Las Vegas only makes an impression if you don’t look past the illusion. Peek beyond the veil that the corporations have cast and its nothing more than a series of asphalt lanes and bus routes. For a tourist it bears the promise of endless pleasure, salivating strippers, heaving hedonism.
For a resident, on the other hand, Las Vegas is the fat black guy with dreads who spends his day time in the bookstore discussing politics (with a guy carrying a briefcase too big for his body) and at night moves to the 24 hour café; playing chess against the bespectacled white guy called “The Tutor” who makes his living hanging out in the university library, getting hired by students to do their homework.
The real Las Vegas is the stripper named “Ana” who came from Texas three years ago because her parents are dead and she is putting her sister through college.
Las Vegas is the cocktail waitress in an all-too-revealing sarong whose bedside is littered with French novels, Foreign Affairs magazine and books no longer in print.
Las Vegas is the two Mexican sisters, one a waitress the other a babysitter, both of whom barely speak a word of English, going out to a small lounge in a forgotten strip club to hang out… with one another.

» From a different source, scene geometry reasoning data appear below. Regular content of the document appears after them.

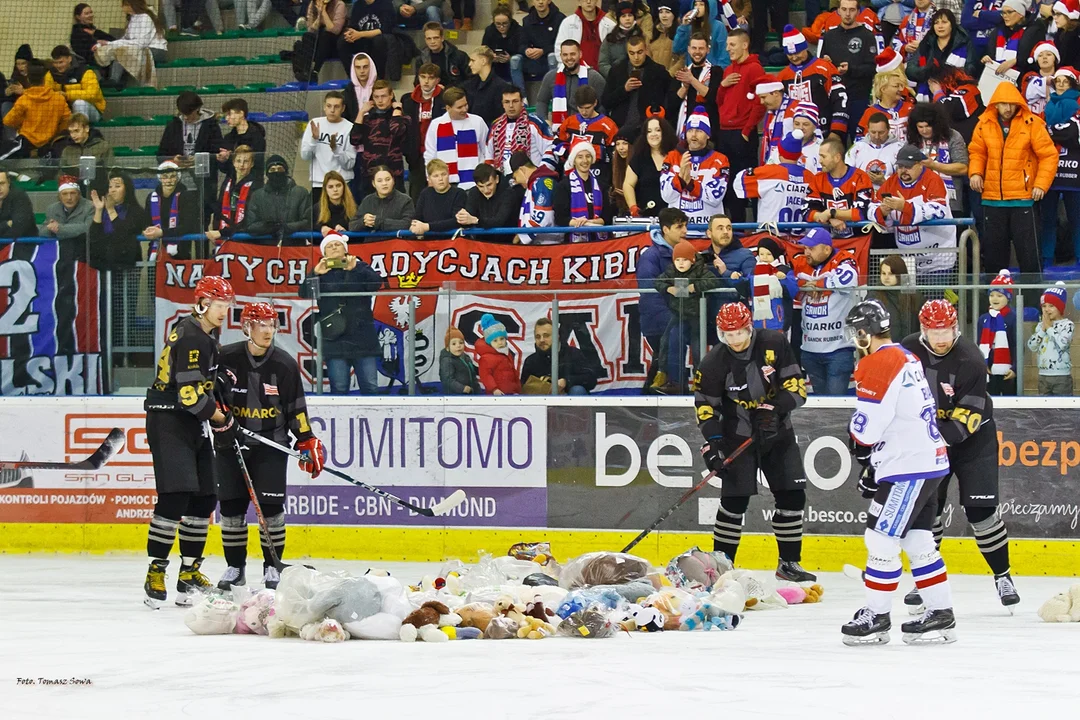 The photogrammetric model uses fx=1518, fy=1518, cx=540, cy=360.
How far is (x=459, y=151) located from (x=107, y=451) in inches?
140

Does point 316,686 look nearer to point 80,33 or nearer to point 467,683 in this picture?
point 467,683

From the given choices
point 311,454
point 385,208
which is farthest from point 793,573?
point 385,208

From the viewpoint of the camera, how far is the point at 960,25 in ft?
36.7

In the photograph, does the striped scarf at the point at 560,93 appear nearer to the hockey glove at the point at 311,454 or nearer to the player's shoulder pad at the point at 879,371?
the hockey glove at the point at 311,454

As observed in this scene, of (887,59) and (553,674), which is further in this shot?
(887,59)

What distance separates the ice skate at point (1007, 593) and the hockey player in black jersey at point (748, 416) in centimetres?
123

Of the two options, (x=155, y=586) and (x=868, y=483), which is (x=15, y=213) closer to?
(x=155, y=586)

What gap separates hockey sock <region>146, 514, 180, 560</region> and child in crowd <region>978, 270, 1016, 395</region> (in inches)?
181

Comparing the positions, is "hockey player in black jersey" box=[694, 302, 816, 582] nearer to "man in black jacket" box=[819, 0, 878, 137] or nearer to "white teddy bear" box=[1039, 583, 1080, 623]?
"white teddy bear" box=[1039, 583, 1080, 623]

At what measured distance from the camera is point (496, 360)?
9562 mm

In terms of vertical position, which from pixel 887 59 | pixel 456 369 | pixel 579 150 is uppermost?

Las Vegas is the landlord at the end of “crack alley” who keeps trying to rent his space out to 99-cent stores, only to find that they fold within a month or two and leave without paying rent.
Las Vegas is the three people that know what Darfur is and meet in a grocery store to discuss how to organize a rally in order to create awareness.
When I first arrived in Vegas, I went to every single show the city has to offer: Cirque du soleil, Spamalot, The Producers, the vast panopoly of magic shows, the dance shows, the concerts. Within a few weeks I was struck by the complete and utter lack of melancholy in the city. I wanted to find something Shakesperean, I said to my friend. I wanted to encounter some tragedy, I added. I did not want to be made to feel that life was the act of a stage host picking you out of a crowd and bringing you onto the stage to participate in a magic trick. I knew life was more, even here in Las Vegas. So, I searched for it. I went looking for pathos.
Long drives in the middle of the night through silent streets; early morning forays into an empty gaming hall where a blind Chinese woman tells you to get up from the one stool you are sitting on because she has a good feeling about that particular slot machine; afternoons of shooting pool with a bunch of “service industry professionals” after they have worked the graveyard shift; the fifty Latino kids in the evening filling out the tiny pool using lawn chairs as flotation devices; the cab driver coming home at five a.m.; being woken up by some old guy throwing rocks at your window – in all of these things I found the pathos I was looking for.
Las Vegas is not an illusion. It is a place where people live.